But, as irritated as I am with the USPS, I’m also pissed at the sellers. Maybe more so, in fact. I paid both of them $3.99 for postage, and they turned around and spent somewhere in the neighborhood of fitty cent, and pocketed the rest.
I failed to mention that part of my aggravation last time… But boy, it really toasts my strudel. The whole experience ate it with gusto, from the ass-on-in.
In case you missed it on Friday, Metten and I have decided to turn off the lung-blower on Mockable. It was an experiment that worked on certain levels, and failed on others. You can read our goodbye messages here.
I want to thank Metten, once again, for his commitment to the project, and for producing so much great material. The site didn’t build a large audience, but I’m proud of what we accomplished together. I really am.
Before we yank the archives, I hope you guys will scroll through them again. There’s some great, under-appreciated stuff there, and that’s a fact.
Thanks to everybody who supported us at Mockable! We appreciate it sincerely.
On Saturday night Toney did what I would never be able to do. She gave a lengthy speech to a ballroom full of people, through an amplification device. And it was pretty darn good, too.
Man, if I’d been required to do such a thing, it would’ve completely ruined the week leading up to it, my hair would’ve fallen out in clumps, and the speech itself would’ve turned out something like this.
So, my tiny Duke hat is off to Toney! Well-done, as usual.
And this is going to be a quickie, but I posted a bonus update on Sunday, so consider that the first half of this one. OK? Is that cheating? Oh well.
I’ll leave you now with the Question of the Day: Who is the cheapest person you’ve ever met? How did their cheapness manifest itself? Tell us about it, won’t you?
What triggered this question was a story someone (purposely vague) told me over the weekend, about a person she knows. This person’s husband is reportedly of the “short man syndrome” variety, and also maniacally cheap.
They’re not poor, they’re actually quite well-off. So the cheapness isn’t out of desperation, but from some sort of mental illness, I think.
The guy will only allow their computer to be turned-on for one hour per week, because of the amount of electricity it supposedly uses, and the entire family has to accomplish whatever is needed within that amount of time.
They’re allowed one hour of television per day, and then the TV has to be turned off and unplugged.

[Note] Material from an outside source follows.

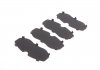 Тормозные колодки (передние) MB Sprinter (906) /Vito (W639/447) (Brembo) Mercedes W906, Vito, Volkswagen Crafter FTE 9010610 (фото7)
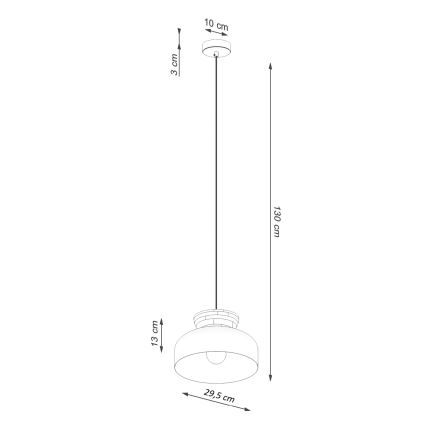 Hanglamp aan een koord MARION 1xE27/15W/230V diameter 29,5 cm wit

After the wife goes to the grocery store she has to turn the receipt over to her husband, and he goes over it and “suggests” ways she could’ve shopped a little smarter. She supposedly stresses-out over what his reaction might be to the weekly shop, and sometimes spends hours at the store making sure she’s doing it “right.”

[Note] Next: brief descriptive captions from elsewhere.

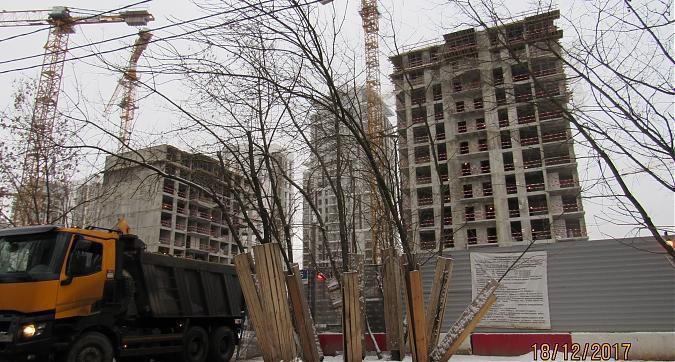 ЖК Life-Ботанический сад (Лайф Ботанический сад), 4-я очередь строительства - монолитные работы, вид с проезда Серебрякова, фото 6 Квартирный контроль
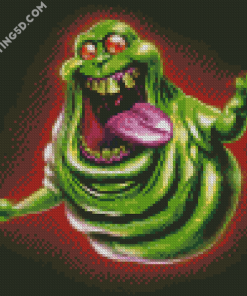 Slimer From Fhostbusters Animation Diamond Paintings
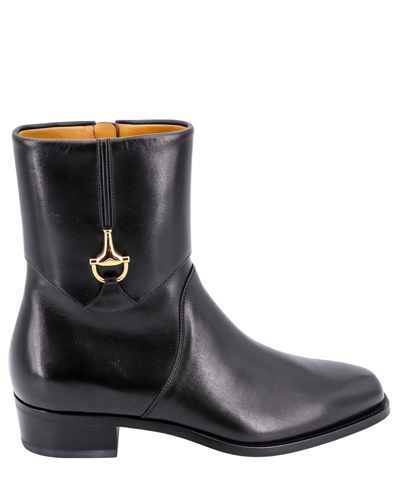 Shop Gucci Ankle Boots In Black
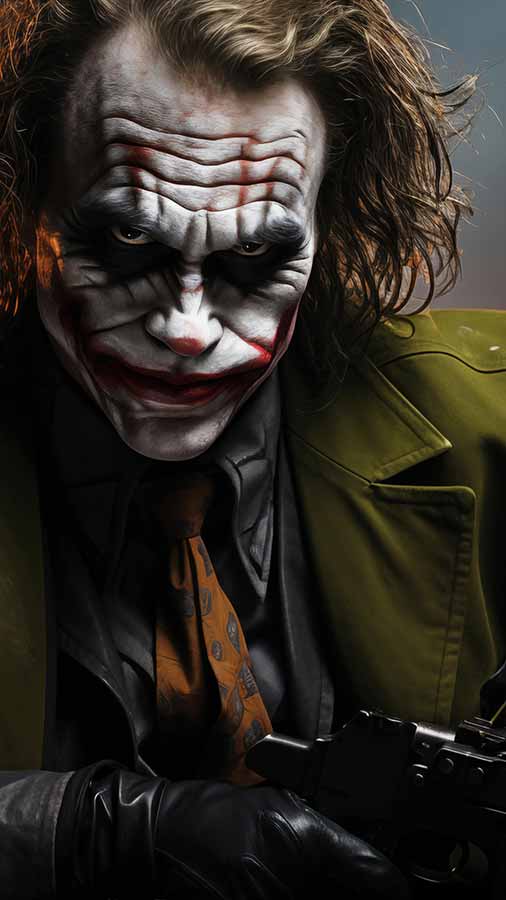 Fond d'écran Joker à Gotham City 4K HD gratuit à télécharger en Ultra HD pour téléphones Android et iPhone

And this is my favorite… They buy jeans from Sears (I think) — the store brand with a lifetime guarantee. And when they start getting a little worn out, Napoleon makes his wife return them and get replacements.

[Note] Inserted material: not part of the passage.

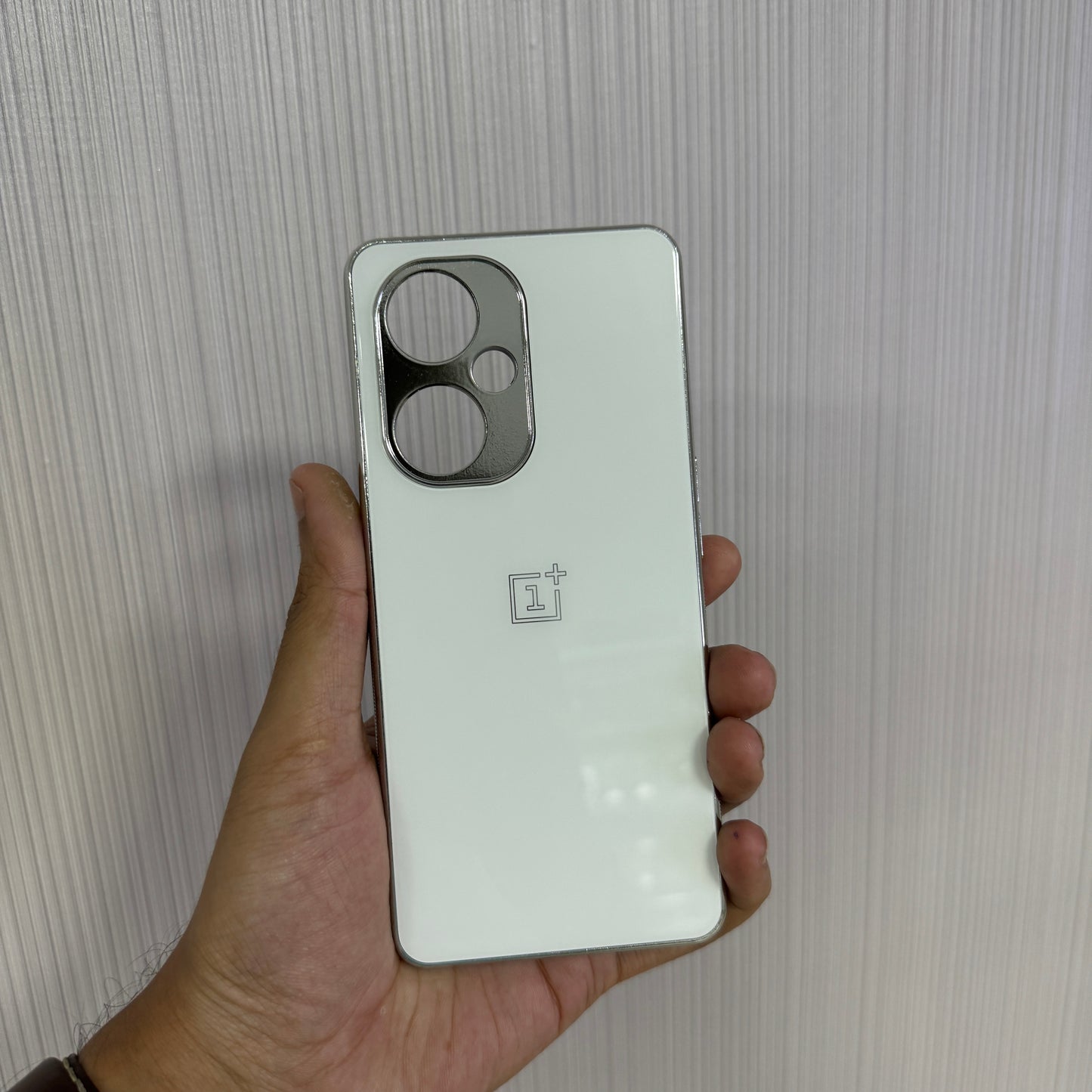 Glossy Gold Edge Back Logo Case For OnePlus Nord Series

The only problem? The store will only replace the jeans with the exact same size. So, all their kids walk around in skintight high-water Sears-brand jeans, in one of the snootiest middle schools in northeastern Pennsylvania. It’s amazing to me, incredibly crackpot.
So, there you go. Do you have anything like that? Tell us your stories about cheap people you’ve known, and I’ll see you guys next time.
Have a great day, my friends!
WB in OH says
Don’t hate me because i’m beautiful!
Swami Bologna says
Making a sporadic appearance…
Cheapest man I know? My pal Scotty. He once bought a brand new Honda Accord for $1. Well, almost. He was shopping for a car and settled on one whereupon the salesman, being a car salesman and all, started into the add on, financing, better buy it not spiel. Scotty was having none of it and the salesman just kept ratcheting up the hyperbole. In the end, the dealership accepted the $1 downpayment allowing him to go get his financing at his own bank.
Then there was the time that a guy just about paid him(Scotty) to buy his (the guy’s) boat . . .
Or his argument with a toll collector. “This is official business.” “I’m not paying you.” We didn’t.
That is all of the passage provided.